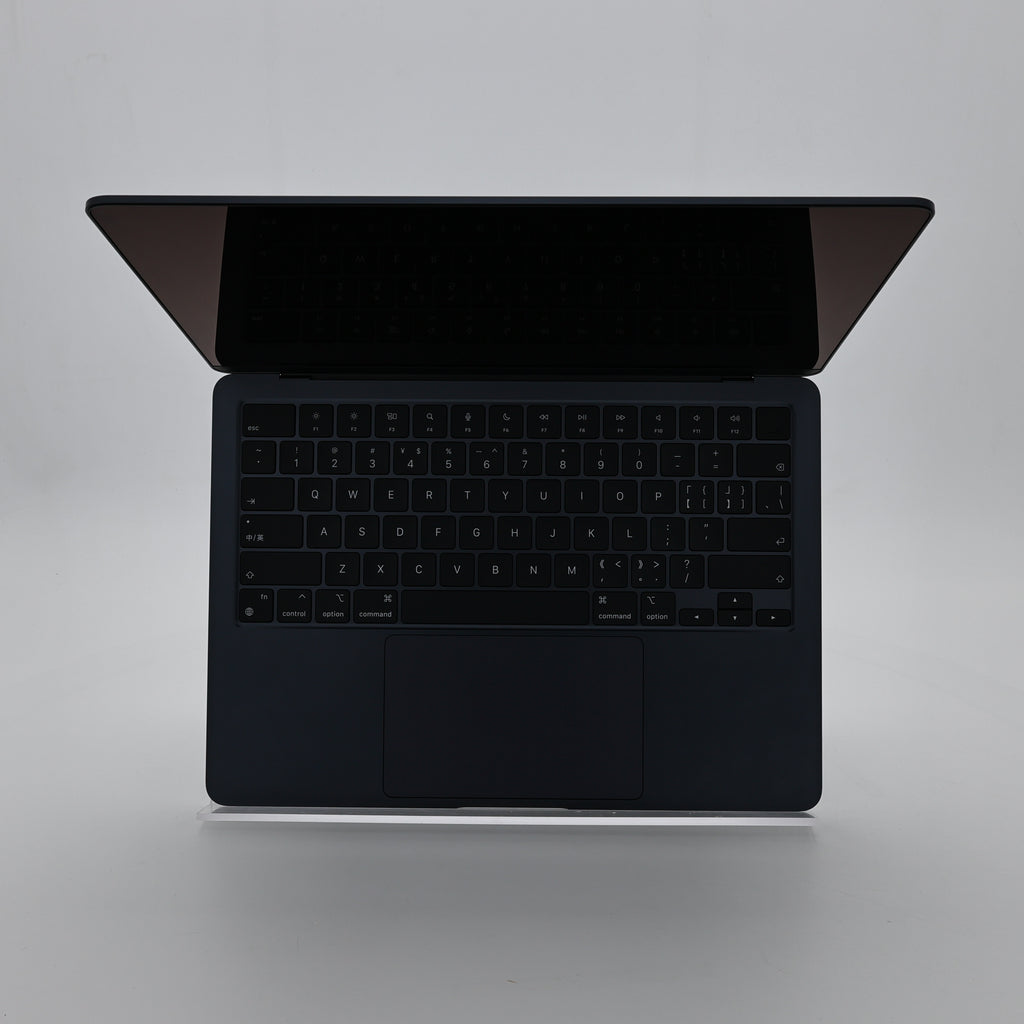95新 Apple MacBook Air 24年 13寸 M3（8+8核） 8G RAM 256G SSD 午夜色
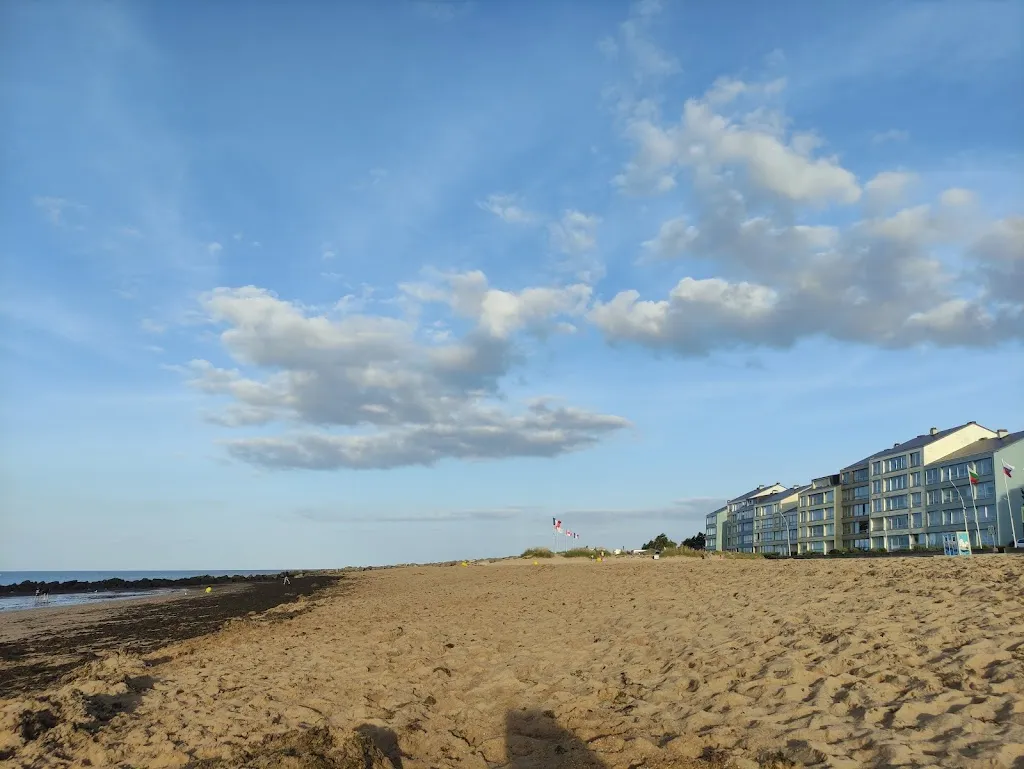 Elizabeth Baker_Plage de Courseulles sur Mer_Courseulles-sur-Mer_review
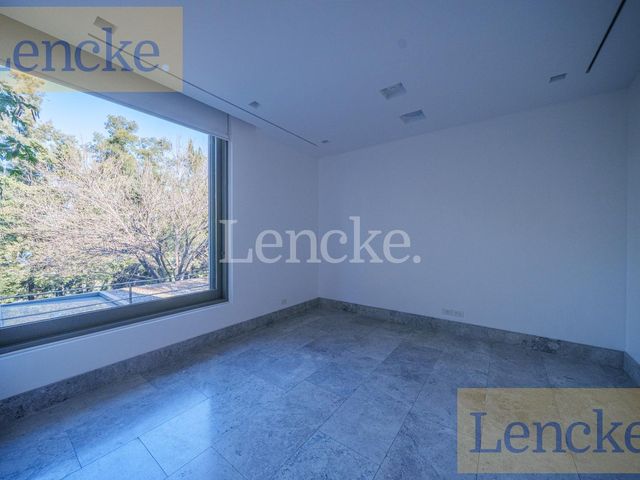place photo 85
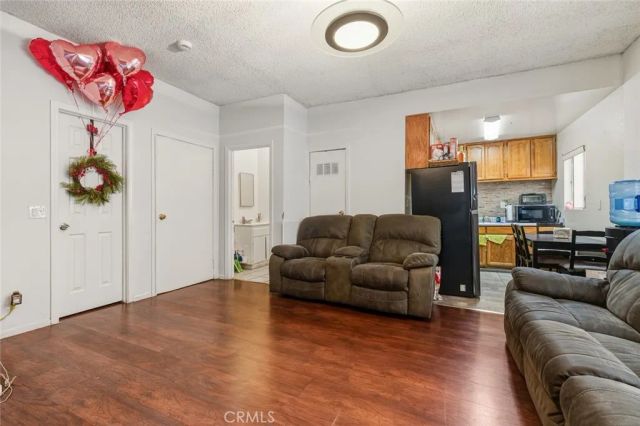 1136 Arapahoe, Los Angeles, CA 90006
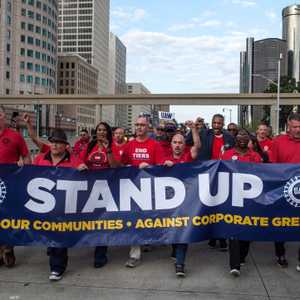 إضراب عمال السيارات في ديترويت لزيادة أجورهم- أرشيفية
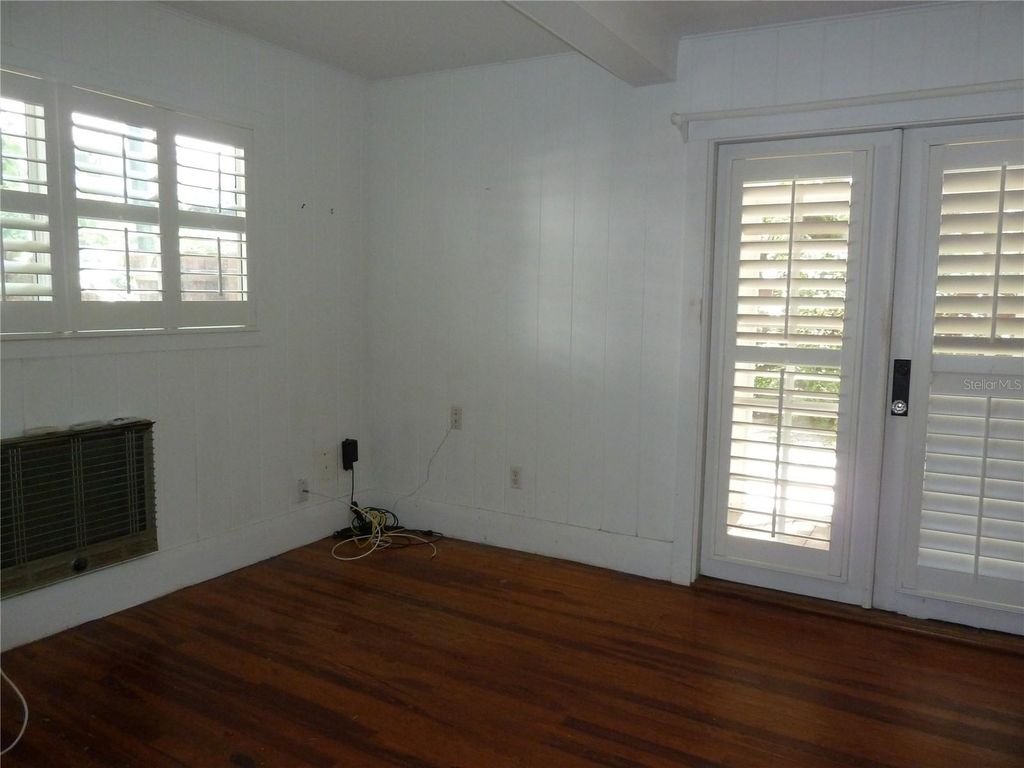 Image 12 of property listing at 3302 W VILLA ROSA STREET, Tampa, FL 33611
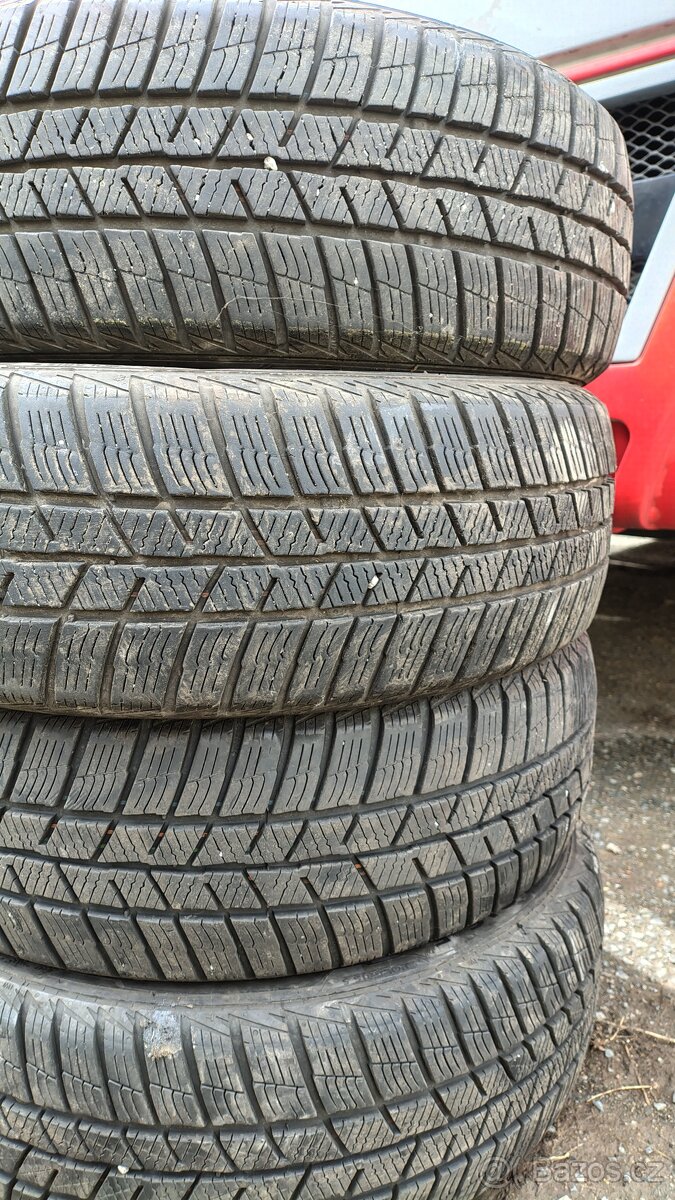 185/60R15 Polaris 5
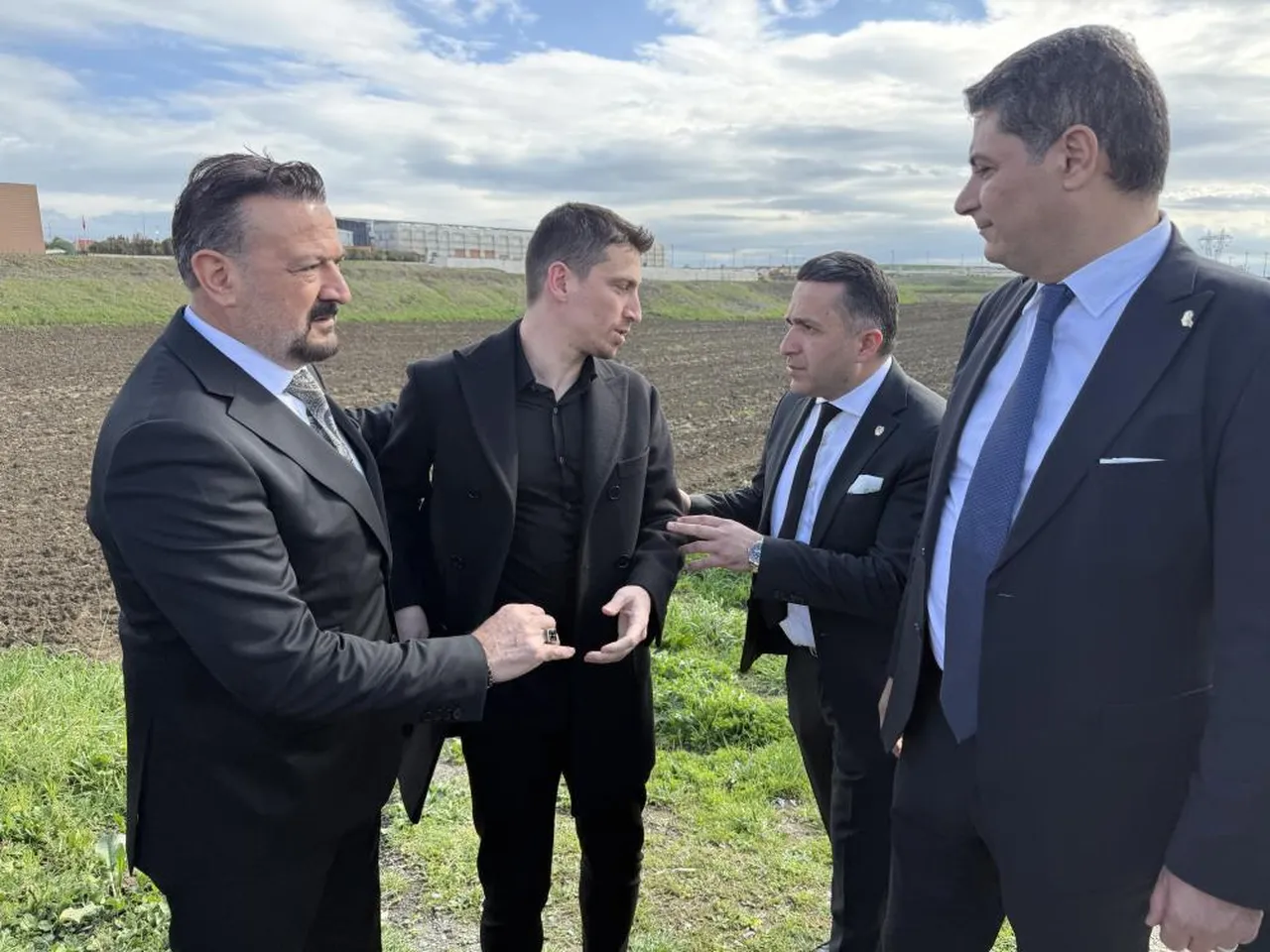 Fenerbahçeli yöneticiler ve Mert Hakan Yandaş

******

- Exercise brief -
Could the material above be given again in full and exactly, with its pictures left out?

- Answer box -
95新 Apple MacBook Air 24年 13寸 M3（8+8核） 8G RAM 256G SSD 午夜色
 Elizabeth Baker_Plage de Courseulles sur Mer_Courseulles-sur-Mer_review
place photo 85
 1136 Arapahoe, Los Angeles, CA 90006
 إضراب عمال السيارات في ديترويت لزيادة أجورهم- أرشيفية
 Image 12 of property listing at 3302 W VILLA ROSA STREET, Tampa, FL 33611
 185/60R15 Polaris 5
 Fenerbahçeli yöneticiler ve Mert Hakan Yandaş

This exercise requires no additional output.